Patent Troll Sues Apple over Their Complete Line of Touch Products
Jun 5, 2012
By Kerrie Spencer, staff writer – June 5, 2012
Once again, it appears another patent troll is trying to get imaginary damages out of a patent they took over to specifically sue others.
If you want a little excitement in your life, you might want to try following the latest happenings in the patent infringement arena. Never a dull moment, and someone, or rather, a bunch of people, are making some nice money by trolling for patents. The method is buying them and suing, without actually doing anything with the patents. We recently ran an article about Twitter and patent trolls in May, 2012, discussing their Innovator’s Patent Agreement, and how they hoped that agreement would stop situations just like this case. (1)(2)(3)(4)(5)
In this case, FlatWorld, a Pennsylvania outfit, has launched a patent infringement lawsuit against Apple. The suit covers just about the complete line-up of Apple’s touch-related products (6), which is extensive. The main thing worth noting though is that this company is suing over technology that is not really associated with Apple’s multi-touch technology. Confused yet?
If the patent lawsuit does not link to Apple’s actual technology, then what on earth is going on? That is a tough question to answer, and it mostly involves imaginary or phantom damages, for how can someone sue for something that does not exist? Evidently, it’s the thing to be doing lately, because there is money to be made using such an approach.
A quick peek at the patents in question (RE43,318 and 6,920,619) really does not make the issue any clearer. In fact, it befuddles those who read them and quickly come to the understanding that apples and oranges do appear similar. The patent background says the inventor created a tool with a touch screen to let kids use their hands to manipulate objects on a screen, and hide them behind other things on the screen. That description does not really apply, except in a very vague way to Apple’s innovative and first multi-touch Magic Mouse, or any of Apple’s iDevices. Nevertheless, FlatWorld hired a lawyer and filed a patent infringement lawsuit.
None of this makes much sense to the public, but still, a company flagrantly insists they have been damaged in some indefinable way. A company took assignment of a patent just because they could sue someone and make claims they were harmed. FlatWorld does not even have any products that are similar to Apple’s line-up. (7)
This whole bizarre rush to sue seems to only be relevant in the legal arena, where phantom damages are made to appear real. So much for trying to understand the justice behind patent trolls suing and winning something they had no rights to in the first place. However, according to this latest patent infringement lawsuit, FlatWorld now owns all rights, interests and title to both of the patents, originally filed by an inventor by the name of Slavoljub Milekic, a Professor of Cognitive Science & Digital Design at the University of the Arts in Philadelphia. (8)(9)

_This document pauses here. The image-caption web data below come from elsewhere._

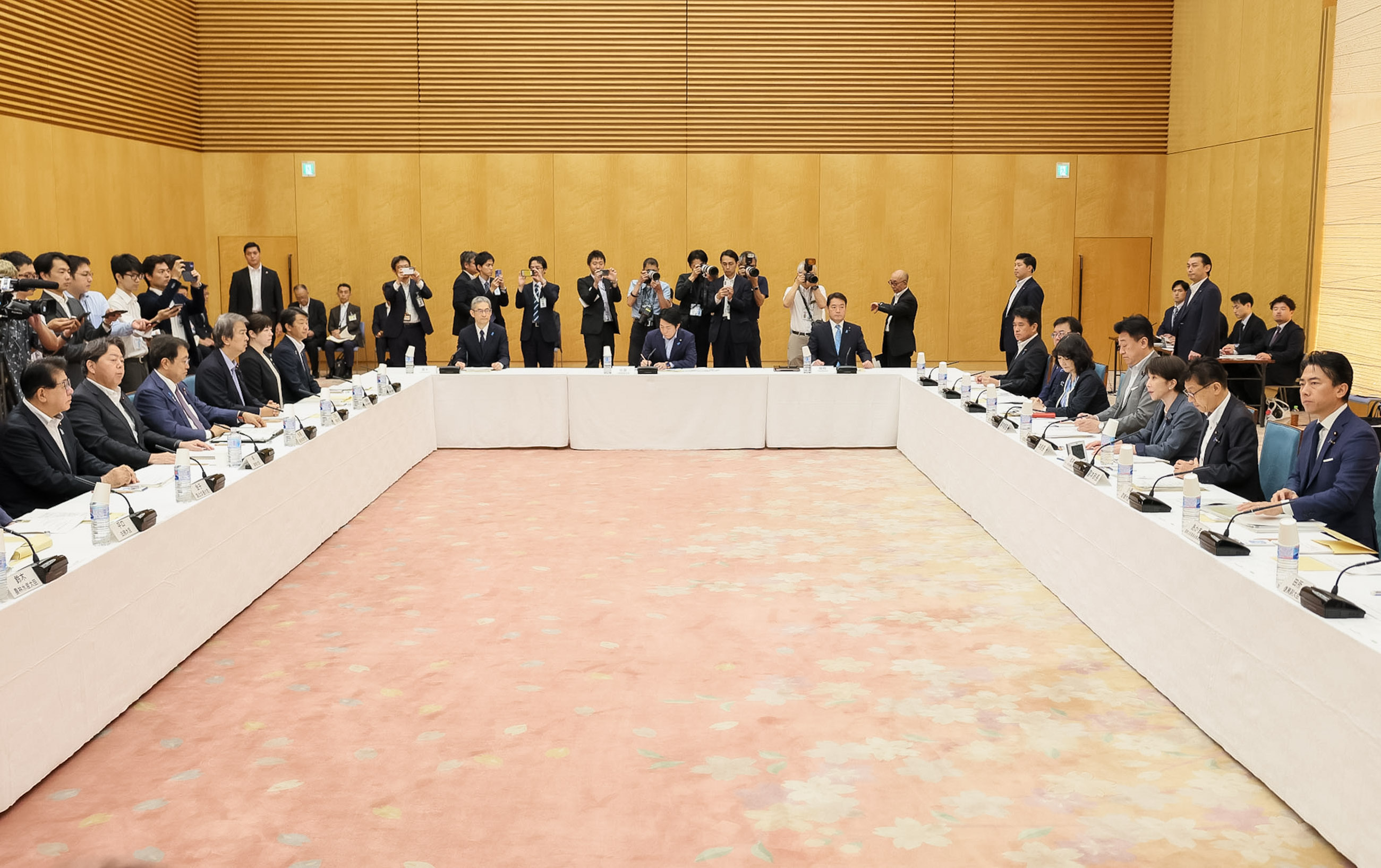 会議のまとめを行う高市総理２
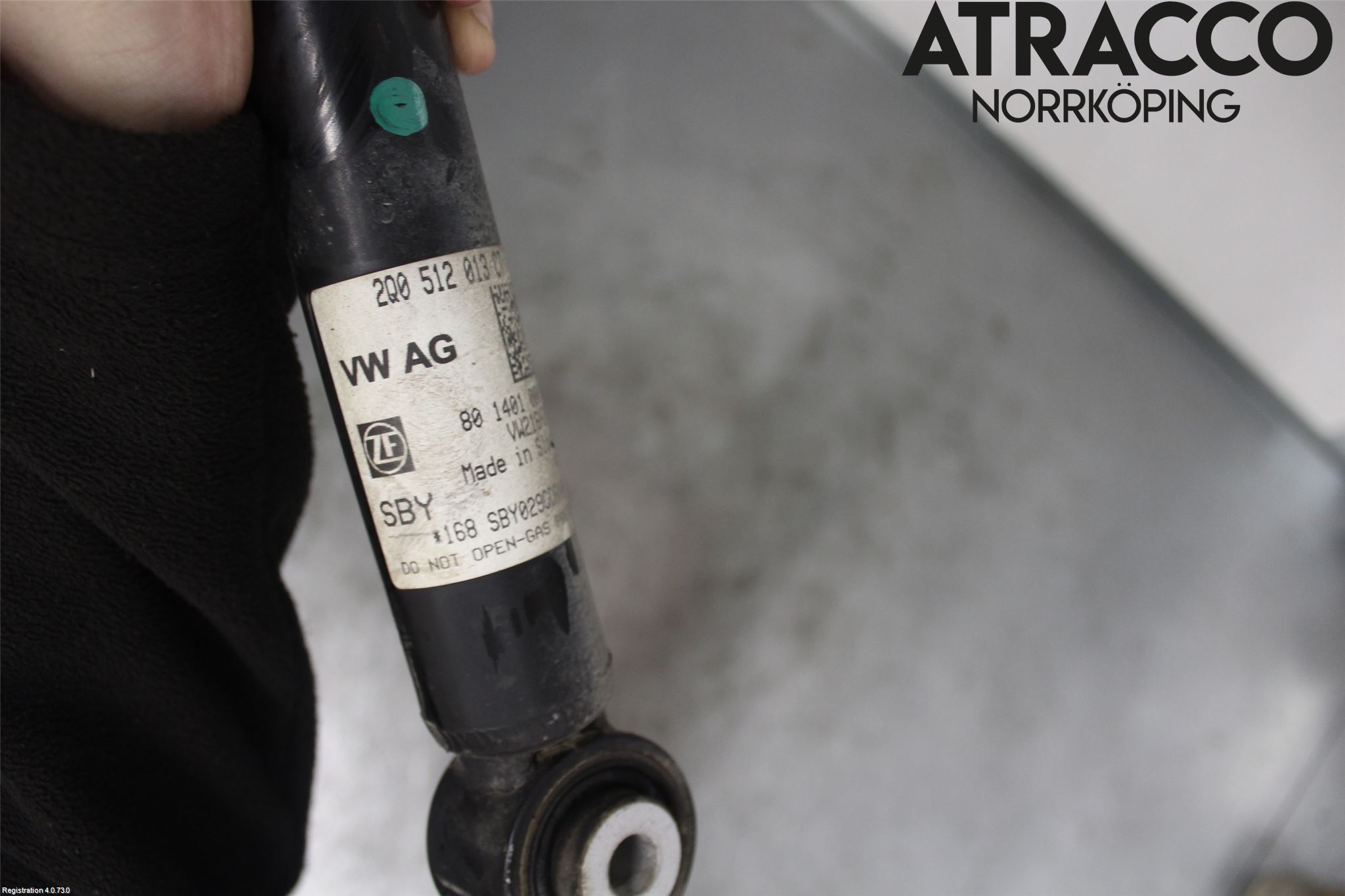 Volkswagen VW T-CROSS 19- Stötdämpare Bak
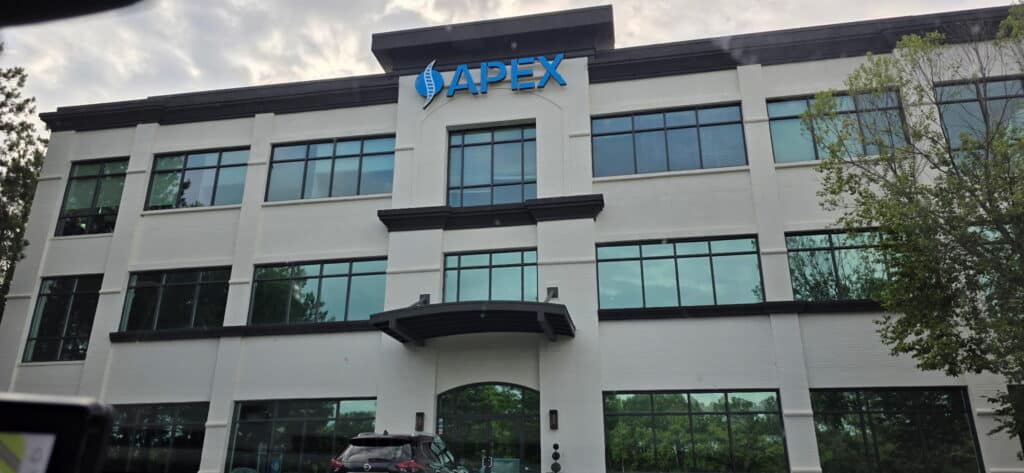 Front of the building at 454 Satellite Boulevard in Suwanee, Georgia, where Apex Surgery Center is located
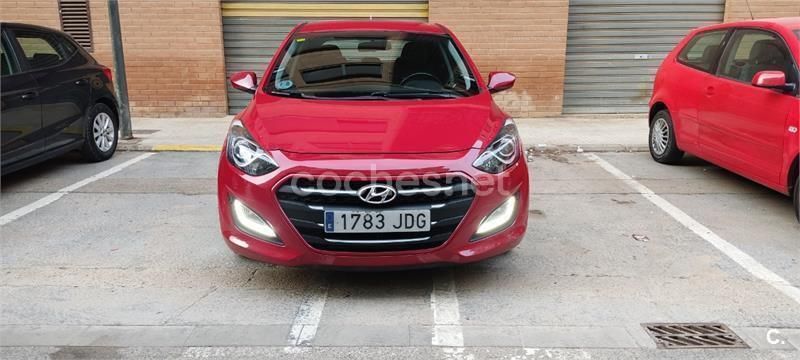 Rojo Usado 2015 Hyundai i30 Berlina | 8500 € (Un poco caro) - Imagen 1/4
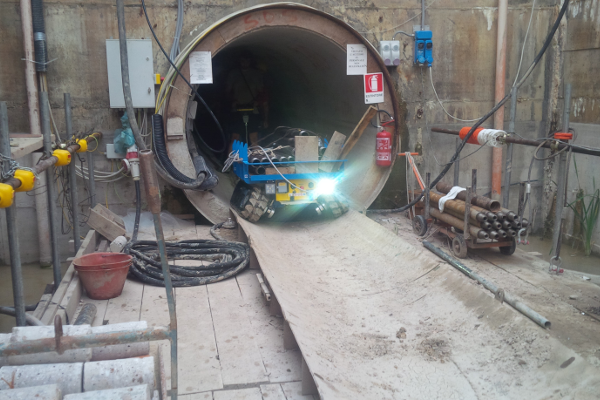 Rupsvoertuig voor Tunnelbouw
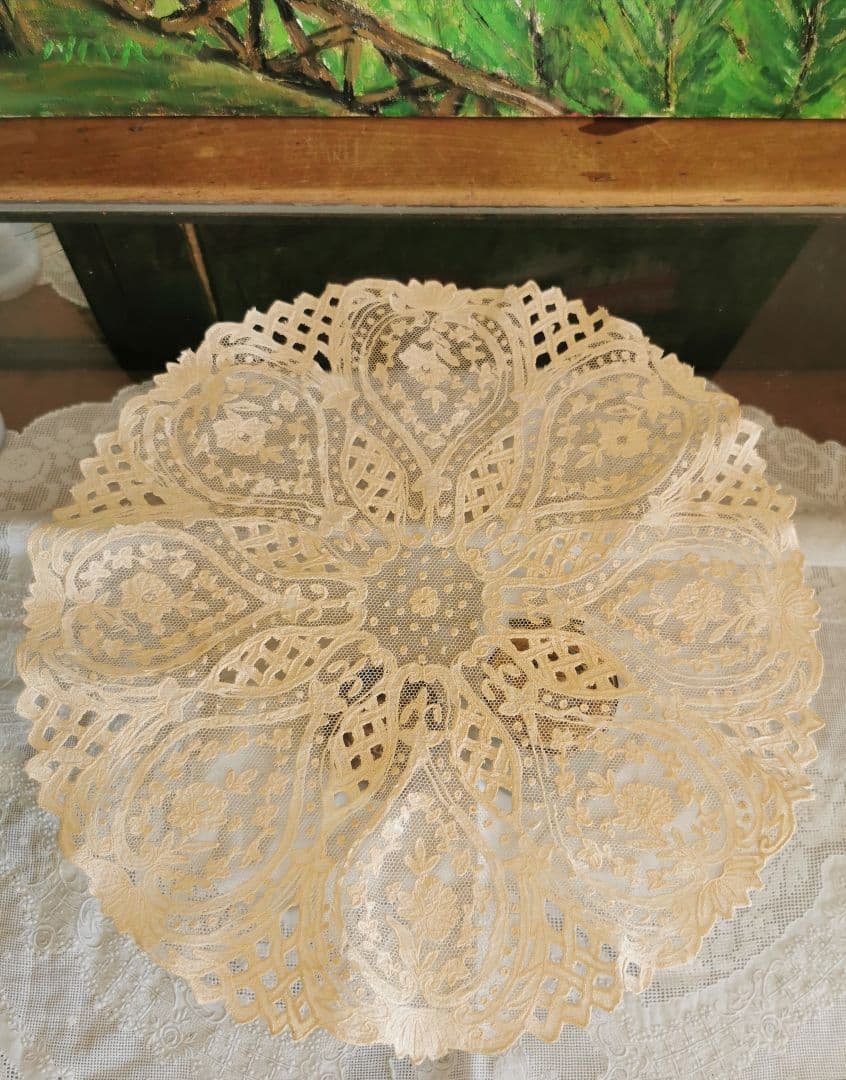 アンティーク キャリックマクロスレース 花と蓮 百合紋アップリケ 籠編みドイリー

In legal jargon, the FlatWorld suits alleges that Apple infringed on ‘their’ patents on a huge scale and that it was done with full knowledge of, and in spite of, the existing patents. And here is the real nugget of this suit. FlatWorld insists it has sustained economic damages, in an amount to be revealed during the trial, but that the amount would not be less than what is deemed to be a reasonable royalty for each infringement. There lies the secret to how patent trolls make money. Sue for an infringement that may or may not exist, then wait for the company to offer to settle out of court for less than they might be penalized in court. Nonetheless, the sums settled for depending on the case, can be astronomical.
For instance, one of the largest patent infringement lawsuits features Oracle suing Google. You may recall we mentioned that Oracle bought Sun Microsystems for $7.3 billion, a bundle that included Java programming which Google implements in its Android platform. There is a lot of money on the table in that suit. Equally as contentious, is the Apple vs. Samsung battle, over patent infringement relating to an assortment of mobile devices.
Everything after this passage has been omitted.